- Born: Francis Ernest Dumas 1837
- Died: March 26, 1901 (aged 63–64)
- Allegiance: United States
- Branch: Union Army
- Commands: Company B of the 1st Louisiana Native Guards 2nd Louisiana Native Guards
- Conflicts: American Civil War Western Theater;

= Francis E. Dumas =

American plantation owner (1837–1901)

Francis Ernest Dumas (1837 – March 26, 1901) was an American plantation owner and slaveholder of Louisiana. He was of African American and Creole heritage, and served as an officer in the Union Army during the American Civil War.

==Biography==
Francis E. Dumas, born in 1837, was the son of plantation owner Joseph Dumas and was an octoroon from his mother's side. He spoke five languages and had lived in France for some time, inheriting the sugar plantation upon his return. There was no simple way for him to free his slaves under Louisiana state law.

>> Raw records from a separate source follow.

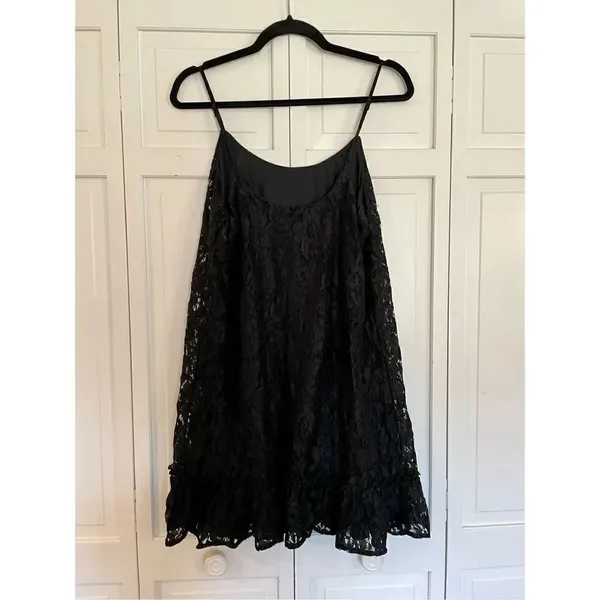 Scoop nyc black lace cami dress size large - Image 6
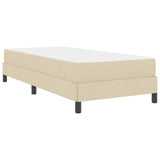 Letto a molle con materasso Crema 90 x 190 cm Tessuto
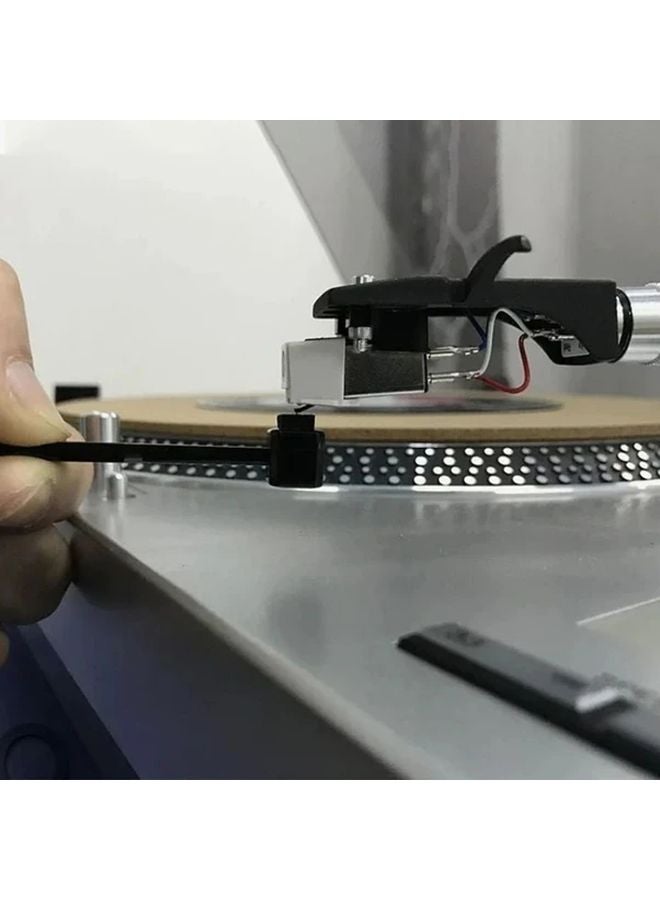 Black Anti Static Vinyl Record Stylus Brush Professional Turntable Needle Cleaner - Image 2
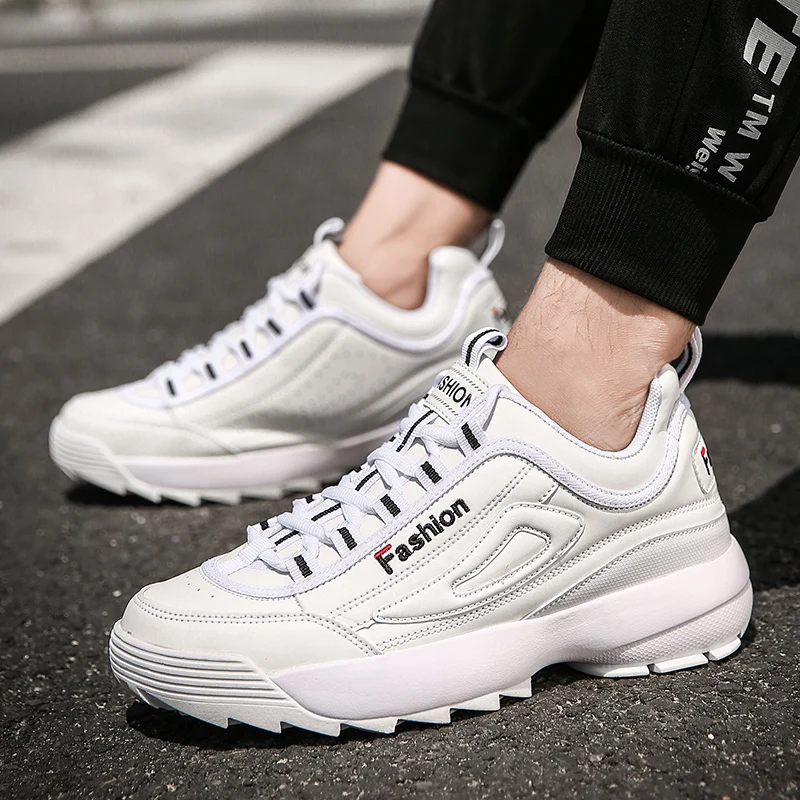 Мужские массивные мужские кроссовки обувь для папы на высокой платформе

When the Civil War began, Dumas freed over 100 of his slaves and enlisted them as a company in the Union Army. He accordingly was commissioned as Captain of Company B of the 1st Louisiana Native Guards and received a promotion to Major in the 2nd Louisiana Native Guards, one of the highest ranks achieved by an African American during the war. He saw combat in the western theater and resigned his commission over disputes on July 3, 1863.

He was a candidate for Lieutenant Governor in 1868 on the James G. Taliaferro ticket backed by publisher Louis Charles Roudanez. He turned down a nomination to be Louisiana's Republican Party nominee for Lieutenant Governor after losing the nomination for governor to Henry C. Warmoth by a few votes on the second ballot after leading the first. Dumas was chosen by President Ulysses S. Grant as minister to Liberia in 1869, but turned it down.

Dumas was initially a candidate for Louisiana Secretary of State on the 1872 Liberal Party Ticket, headed by D.B. Penn for Governor. However, he left the ticket by September 1 before the election when John McEnery became the new candidate for governor, and D.B. Penn took the Lt. Governor spot. Dumas was replaced by another black man, Samuel Armstead.